11. A man invests his savings in two accounts, one paying 6 percent and the other paying 10 percent simple interest per year. He puts twice as much in the lower-yielding account because it is less risky. His annual interest is 198 dollars. How much did he invest at each rate?

Your answer is

total in the account paying 6 percent interest is   

total in the account paying 10 percent interest is

Answer 1

Solution-

Let in account two he invested x dollars and n account one , he invested 2x dollars

According to question,

Since ,account one paying 6 percent

So, Principal=$ 2x, Rate = 0.06, time = 1 year

Now, simple interestin dollars in one year is

SI = Principal ×rate ×time = 2x(0.06)(1) = 0.12x

Similarly,

Since the other paying 10 percent simple interest per year.
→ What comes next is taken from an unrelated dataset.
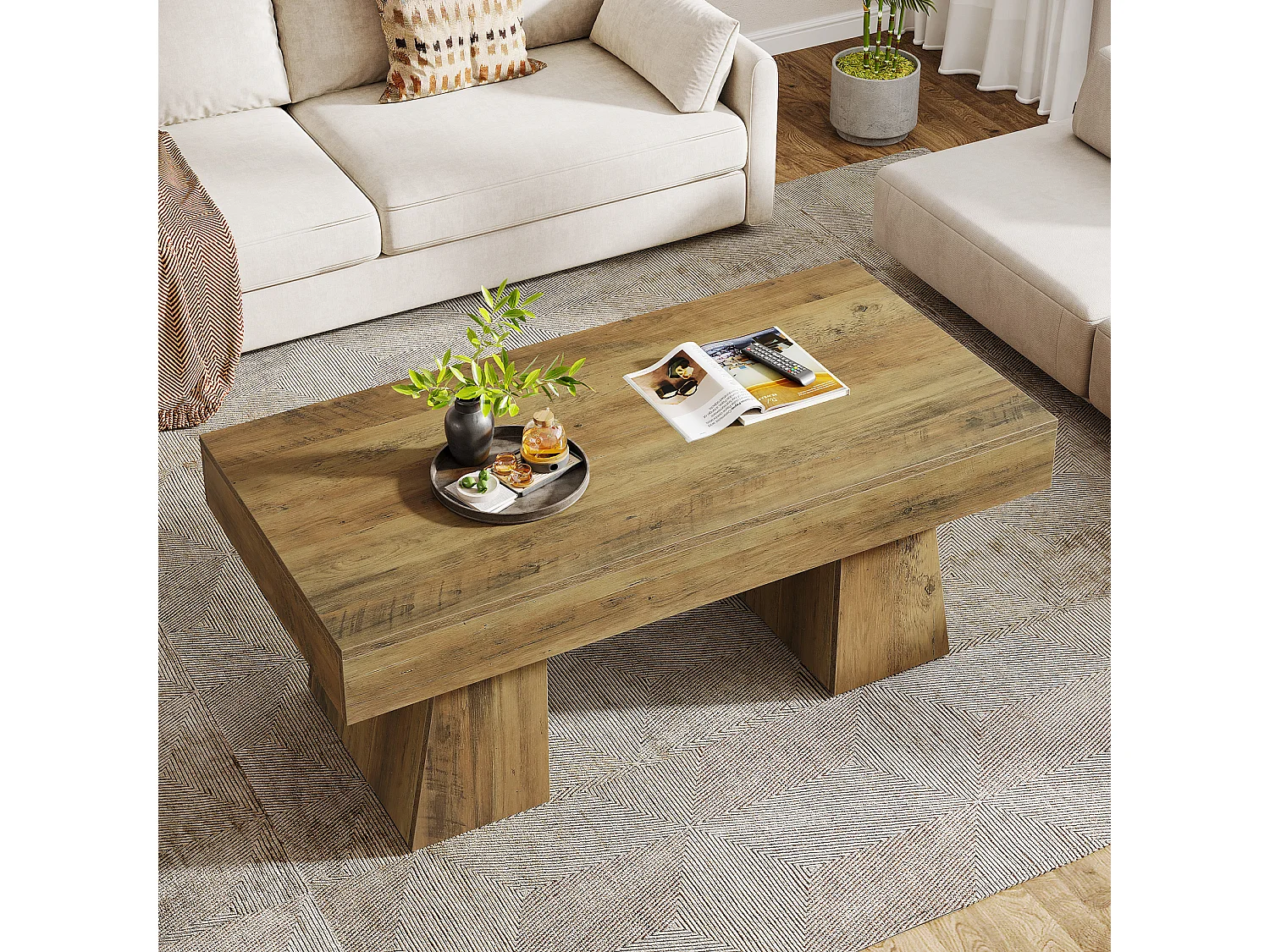 Stolik kawowy w stylu wiejskim, prostokątny stolik akcentowy o szerokości 120 cm z grubą podstawą, nowoczesny niski mebel do koktajli i herbaty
So, Principal =$ x , rate= 0.1 , time=1 year

So, Simple Interest here is

SI' = Principal×rate×time = x(0.1)(1) = 0.1x

Now, Since his annual interest is 198 dollars.

So, SI+ SI' = 198

Or 0.12x +0.1x = 198

Or 0.22x = 198

Or x = 198/0.22 =900 dollars

Hence, he invested x=$ 900 in account paying 10% interest and 2x= 9×00 =$ 1800 in the account paying 6% interest rate.

After one year total amount in account one (6% interest rate) is

= $(2x +SI)= $(2x +0.12x)= $(2.12x)

= $(2.12×900) = $ 1908.

After one year total amount in account two (10% interest rate) is

= $(x +SI) = $(x +0.1x)= $(1.1x) = $(1.1×900)

= $ 990.